Les emojis, très utilisés sur les mobiles par les jeunes et moins jeunes, se muent progressivement en une forme de langage à eux seuls. Certains, à l’image de Google, veulent à ce titre les faire évoluer pour qu’ils reflètent mieux leur société, mais aussi les inscrire dans la lutte contre les discriminations entre hommes et femmes. Des emojis politiques ? Presque.

Emojis femmes

La diversité dans les emojis est une question qui crée régulièrement les débats, le Consortium Unicode étant pointé par les défenseurs de grilles d’emojis reflétant la diversité des êtres humains pour son manque de réactivité.

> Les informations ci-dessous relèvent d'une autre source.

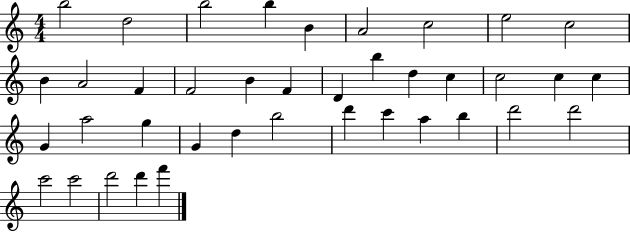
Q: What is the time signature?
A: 4/4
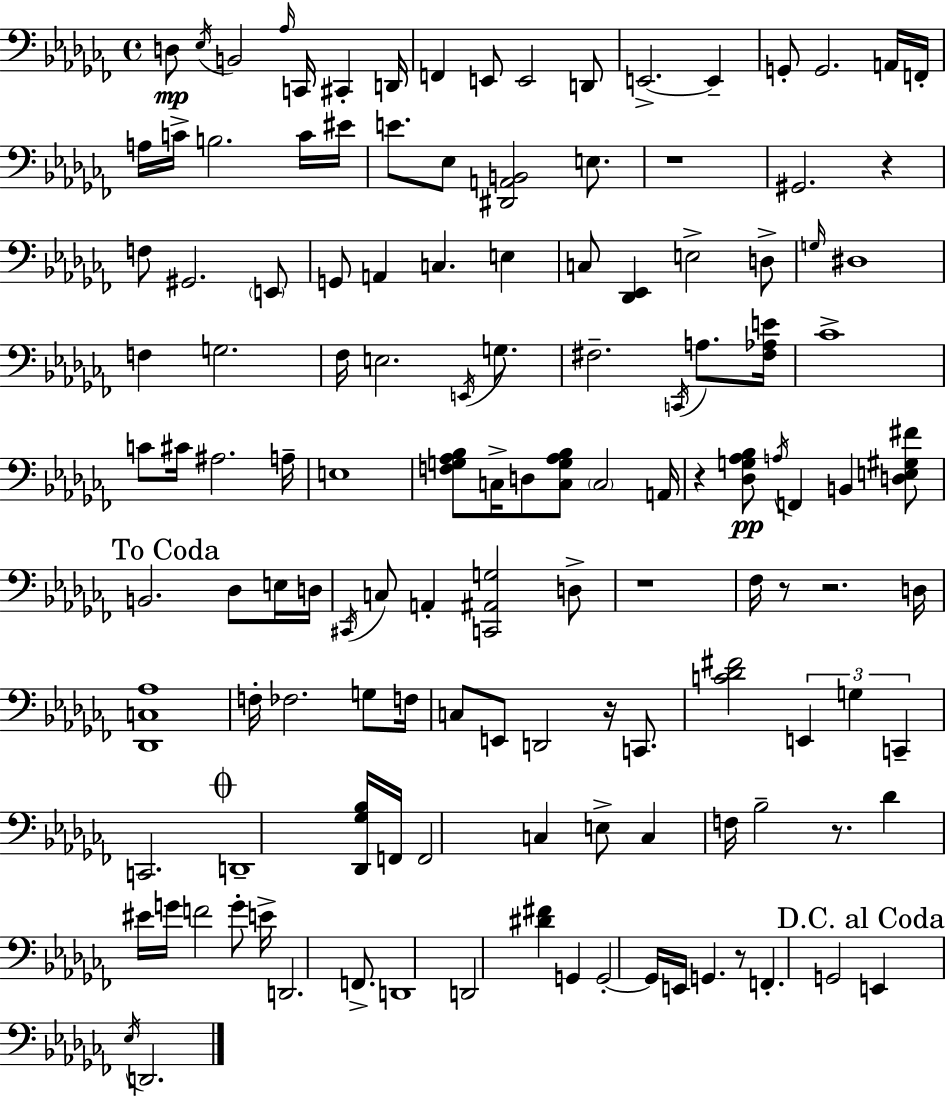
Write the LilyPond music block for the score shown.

{
  \clef bass
  \time 4/4
  \defaultTimeSignature
  \key aes \minor
  d8\mp \acciaccatura { ees16 } b,2 \grace { aes16 } c,16 cis,4-. | d,16 f,4 e,8 e,2 | d,8 e,2.->~~ e,4-- | g,8-. g,2. | \break a,16 f,16-. a16 c'16-> b2. | c'16 eis'16 e'8. ees8 <dis, a, b,>2 e8. | r1 | gis,2. r4 | \break f8 gis,2. | \parenthesize e,8 g,8 a,4 c4. e4 | c8 <des, ees,>4 e2-> | d8-> \grace { g16 } dis1 | \break f4 g2. | fes16 e2. | \acciaccatura { e,16 } g8. fis2.-- | \acciaccatura { c,16 } a8. <fis aes e'>16 ces'1-> | \break c'8 cis'16 ais2. | a16-- e1 | <f g aes bes>8 c16-> d8 <c g aes bes>8 \parenthesize c2 | a,16 r4 <des g aes bes>8\pp \acciaccatura { a16 } f,4 | \break b,4 <d e gis fis'>8 \mark "To Coda" b,2. | des8 e16 d16 \acciaccatura { cis,16 } c8 a,4-. <c, ais, g>2 | d8-> r1 | fes16 r8 r2. | \break d16 <des, c aes>1 | f16-. fes2. | g8 f16 c8 e,8 d,2 | r16 c,8. <c' des' fis'>2 \tuplet 3/2 { e,4 | \break g4 c,4-- } c,2. | \mark \markup { \musicglyph "scripts.coda" } d,1-- | <des, ges bes>16 f,16 f,2 | c4 e8-> c4 f16 bes2-- | \break r8. des'4 eis'16 g'16 f'2 | g'8-. e'16-> d,2. | f,8.-> d,1 | d,2 <dis' fis'>4 | \break g,4 g,2-.~~ g,16 | e,16 g,4. r8 f,4.-. g,2 | \mark "D.C. al Coda" e,4 \acciaccatura { ees16 } d,2. | \bar "|."
}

Que l’on soit partisan des blobs d’Android – ces figures indéterminées, jaunes – conçues pour être neutres ou que l’on préfère des emojis plus humains, les choses ont timidement commencé à changer.

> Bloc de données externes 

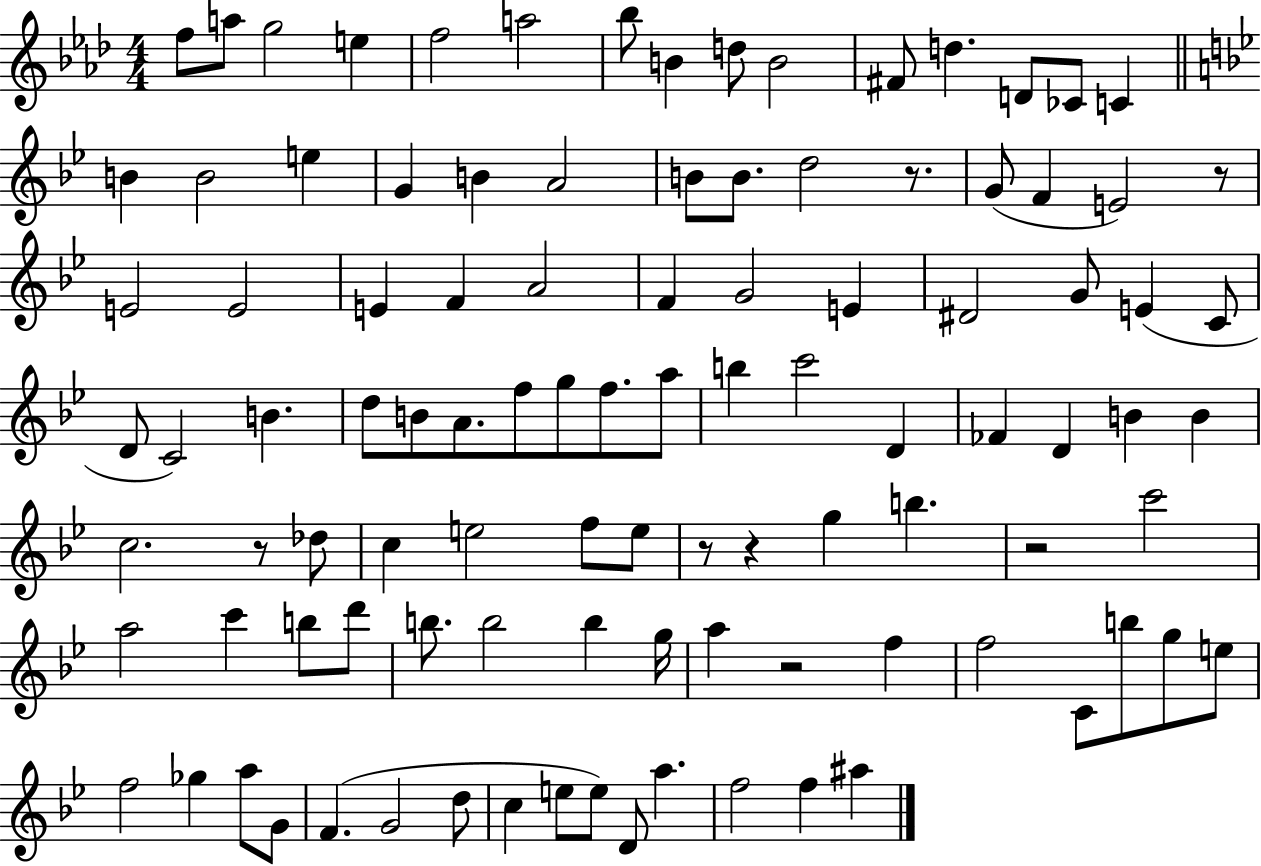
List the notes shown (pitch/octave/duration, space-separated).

Depuis un peu plus d’un an, les emojis se parent de plusieurs couleurs de peau, au choix de l’utilisateur, sur iOS. En revanche, sur Android, rien n’a vraiment changé, si ce n’est que quelques nouveautés ont fait leur apparition – l’emoji licorne, pour ne citer que lui. Côté représentation des hommes et des femmes, il n’existe pas grand-chose, si ce n’est quelques rares emojis féminins cantonnés à des rôles très stéréotypés (affublés d’oreilles de lapin, d’une couronne de princesse…) et de leurs pendants masculins, pas beaucoup plus progressistes (ce sont des policiers ou des gardes).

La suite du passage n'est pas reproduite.